Input records:

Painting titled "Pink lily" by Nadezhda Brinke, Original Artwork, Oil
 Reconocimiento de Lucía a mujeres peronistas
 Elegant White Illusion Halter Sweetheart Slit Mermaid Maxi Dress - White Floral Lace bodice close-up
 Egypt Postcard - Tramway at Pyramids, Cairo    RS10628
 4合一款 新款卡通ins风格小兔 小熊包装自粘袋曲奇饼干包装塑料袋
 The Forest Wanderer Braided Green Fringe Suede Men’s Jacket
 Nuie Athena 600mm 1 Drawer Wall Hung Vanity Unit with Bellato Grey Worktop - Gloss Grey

Exercise prompt: Starting at the line that contains "Egypt Postcard - Tramway", reproduce each line through the end of the records exactly, both ends included.

Answer to this problem:
 Egypt Postcard - Tramway at Pyramids, Cairo    RS10628
 4合一款 新款卡通ins风格小兔 小熊包装自粘袋曲奇饼干包装塑料袋
 The Forest Wanderer Braided Green Fringe Suede Men’s Jacket
 Nuie Athena 600mm 1 Drawer Wall Hung Vanity Unit with Bellato Grey Worktop - Gloss Grey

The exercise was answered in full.